I don't like using the coated bearings for that reason. I have yet to see a good rebuild on new stock bearings fail on a FI VR6. Stick with what works


----------



## Snitches Get Stitches (Jul 21, 2007)

Yea, I guess I am learning this lesson by purchasing more parts I thought I had already handled. What a pain in the ass. I really thought the ceramics would be an upgrade, rather than the pain in the ass they are becoming. And searching on here doesn't point to any or alot of others with these issues. Are people just not checking their mains and rod clearances or is someone else assembling their block for them??
I was able to find out that if you clean and rub down all bearings and main journals free of all assembly lube, you do gain back 0.0005 tolerances....but my clearances are still way to tight to run. The OEM main bearings should be here today, so I am hoping for the best tonight.
My next issue is with the Rod bearings that also are coated by 034 mtorsports.
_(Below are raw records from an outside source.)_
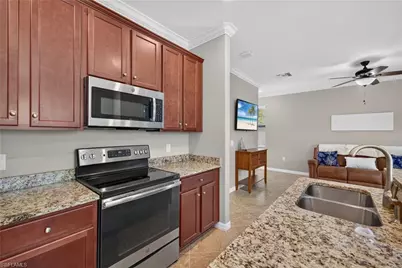 1178 Genovesa Ct, Naples, FL 34113 - Photo 12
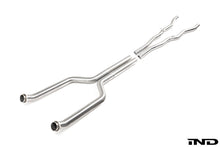 Load image into Gallery viewer, Eisenmann Performance Race Exhaust System - BMW M5 / M5 Touring (G90/G99) 2025-2027
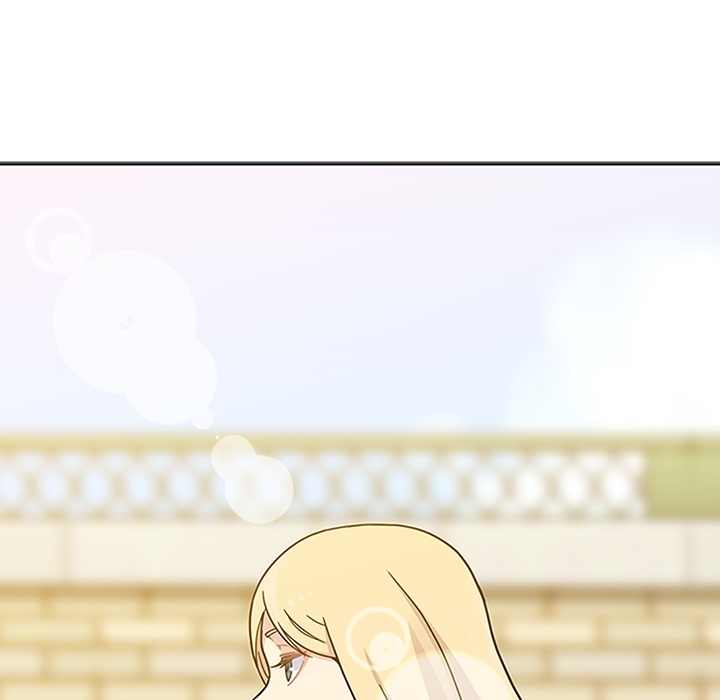 [韩国漫画] 春天来了 校园,巨乳大奶,女学生#[100P]-64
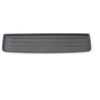 Bmw F20 F21 F22 Einlegematte Ablagefach Vorne Originalus 51169227896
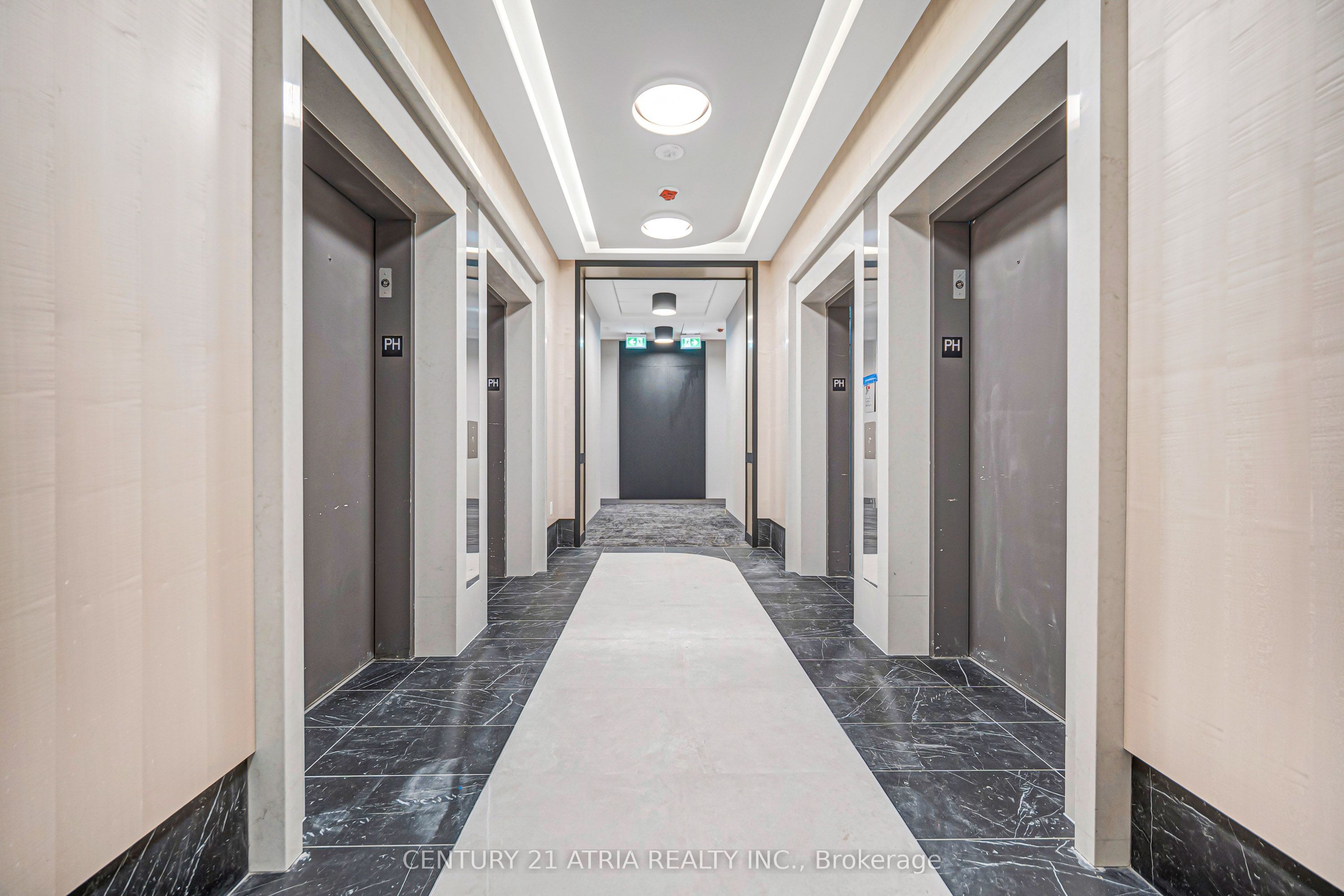 858 Dupont Street PH03, Toronto, ON M6G 0C1 photo 4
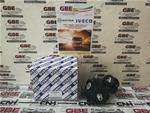 42545831 IVECO SUPPORT DE FILTRE A CARBURANT [ ORIGINAL IVECO 100% ]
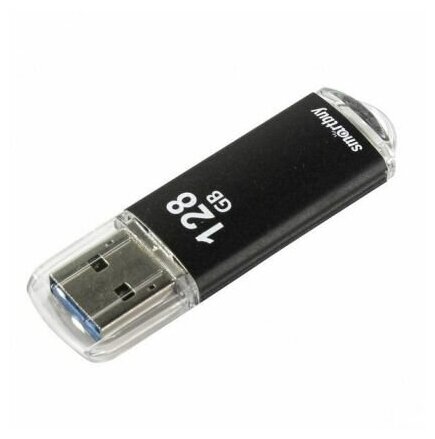 Флешка SmartBuy Crown USB 30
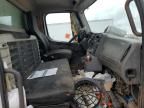 2017 Freightliner M2 106 Medium Duty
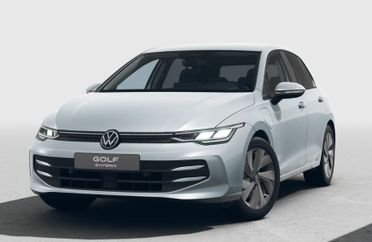 Volkswagen Golf 1.5 tsi ehybrid 204cv dsg
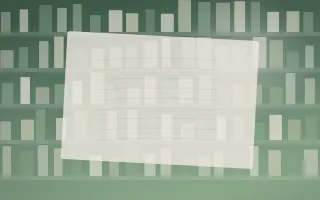 First Light Poetcore V — light beige and green poetcore background, variation V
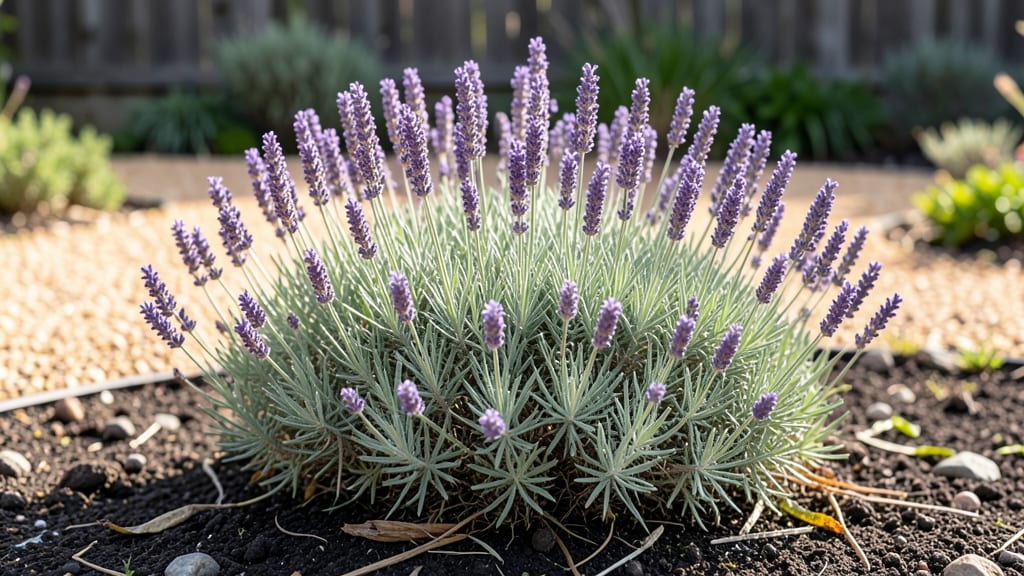 Is Lavender a Perennial or Annual Plant: How Dieback Reveals Its True Lifespan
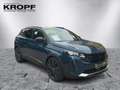 Peugeot 3008 1.6 225 GT FLA Pano 360 el.Heck LM KAM PDC Azul - thumbnail 7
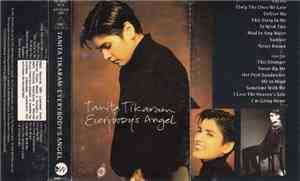 Tanita Tikaram - Everybody's Angel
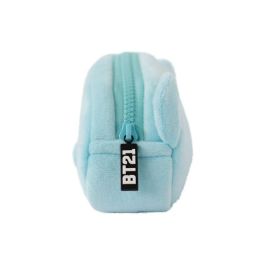 ERIK Portatodo felpa Koya BT21 20cm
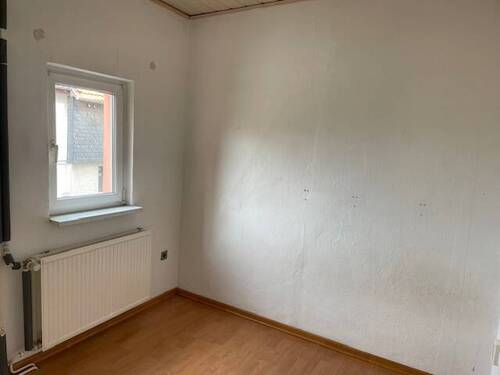 Bild 8 - 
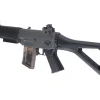 Replika karabinka JG082BL-I OD-G-JGW-01-019734-00 asgbox.pl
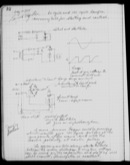 Edgerton Lab Notebook 22, Page 52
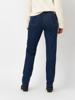 Relaxed by TONI Jeans 12-26/2370-3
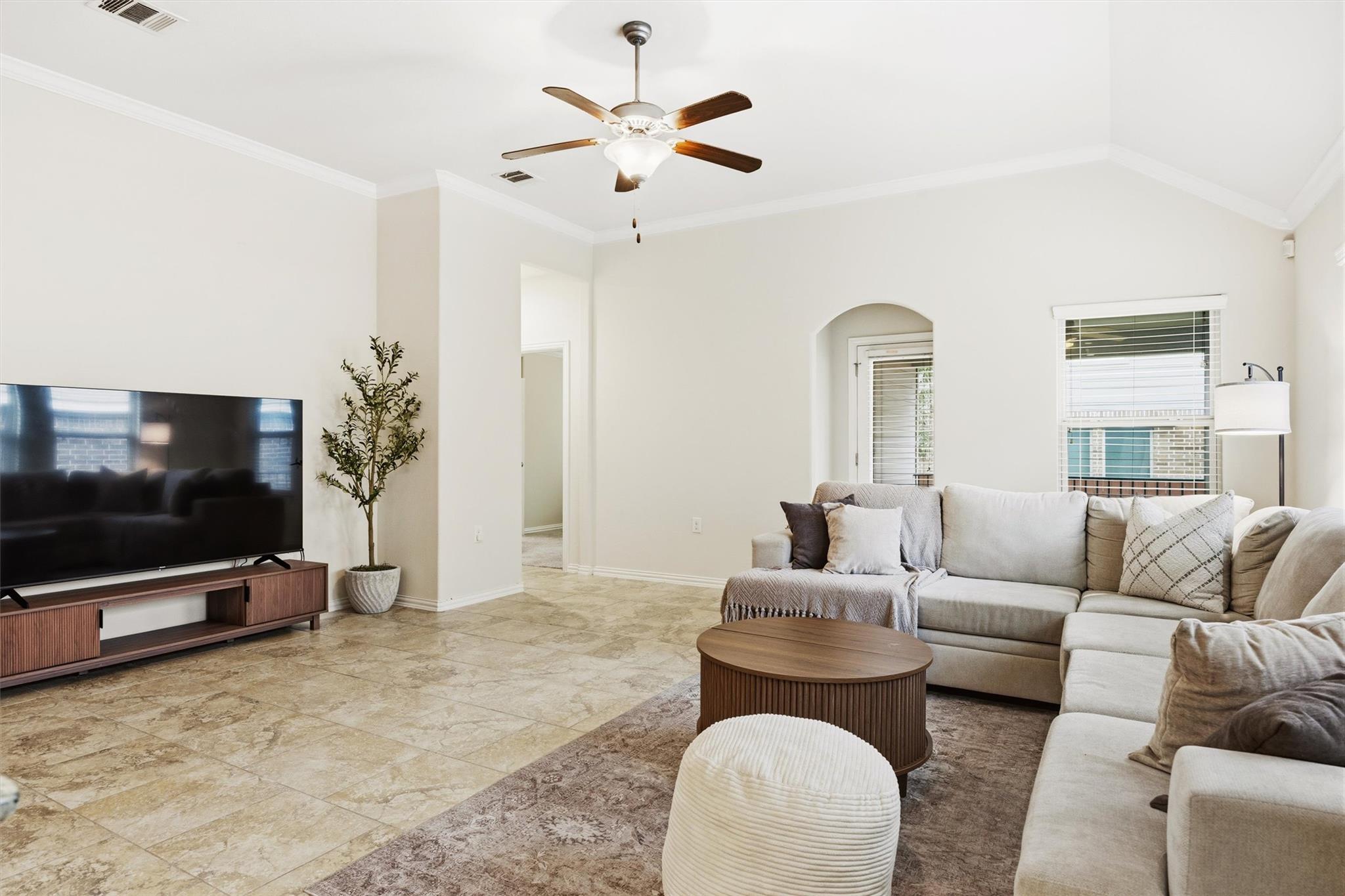 803 Cardenas Ln, Austin, TX 78748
I had my machine shop rifle drill these bearings to match my Integrated Engineering rifle drilled rods. I already have a set of OEM rod bearings, and I am going to try to mail them to the machinist for rifle drilling today, so that I can have 2 sets to choose from when we check Rod bearing clearances in the next few days, and I won't be back to waiting for parts.
I am not even at the interesting part of assembling the R32 head. I have already had a P&P, as well as a 5 angle valve job on the stock valves. Head will also have 034 dual springs, matching titanium retainers, and TT 260/264 cams.
More bits of the build are:
2.9L JE Pistons 8:5:1 comp with ceramic coating on domes and skirts
GT3582R T4 0.68ar-- coated hot side
Pag Parts Coated Log Manifold
3inch dp with wg reroute coated by Swain
O2m w/ peloquin
South Bend clutch and steel flywheel good to 475+ft lbs of torks


----------



## KubotaPowered (Jan 27, 2005)

*Re: (Snitches Get Stitches)*

I think what it is, is that the bearings are just not that popularbecause there isn't a need for them. One the other side of that coin, I think you hit the nail on the head, there are fewer people assembling their own blocks, and out of those that do, I don't think many check the tolerances, just torque the caps and run it. With tolerances as tight as you are seeing, a spun bearing could very well have resulted.


----------



## Snitches Get Stitches (Jul 21, 2007)

Now I emailed Javad at 034 just to let him know about the clearance issues I am seeing. He informed me that their coatings are 0.0003 and effects should be negligble. The Bentley and online sourrces show I should be seeing almost 0.004 as far as clearances on the mains.
Javad also said that he has had no reports of bad bearings or clearances being that out of wack.
I am still waiting for the non-coated OEM bearings to arrive and try plastigage again here. I have double and triple checked the ceramic coatings and after cleaning all journals and bearing surfaces, I am still sitting at way below 0.002 clearances.
This is a 2.9L 24v block bored for 82mm JE's
ARP billet main caps + studs -- block was line honed
I am seeing uniform clearances on all caps and great taper on the plastigage. This is telling me that the crank is straight and true, and the machine work was all done right.
Crank has been knife-edged and balanced as well.
So if for some weird reason, the OEM non-coated bearings do not give me the 0.003+ clearances I am looking for, any other ideas out there for what could cause this?
Anyone know where to find undersized bearings for the VR6 motor?
Can't wait to see what issues the rod bearings may provide.


----------



## GinsterMan98 (May 19, 2008)

*Re: (Snitches Get Stitches)*

what lube are you using on the cap studs? 30w oil, arp lube or other?
Are the main caps original? you could mic check the block with the cap installed with no bearing to ensure the machine shop didn't miss a decimal.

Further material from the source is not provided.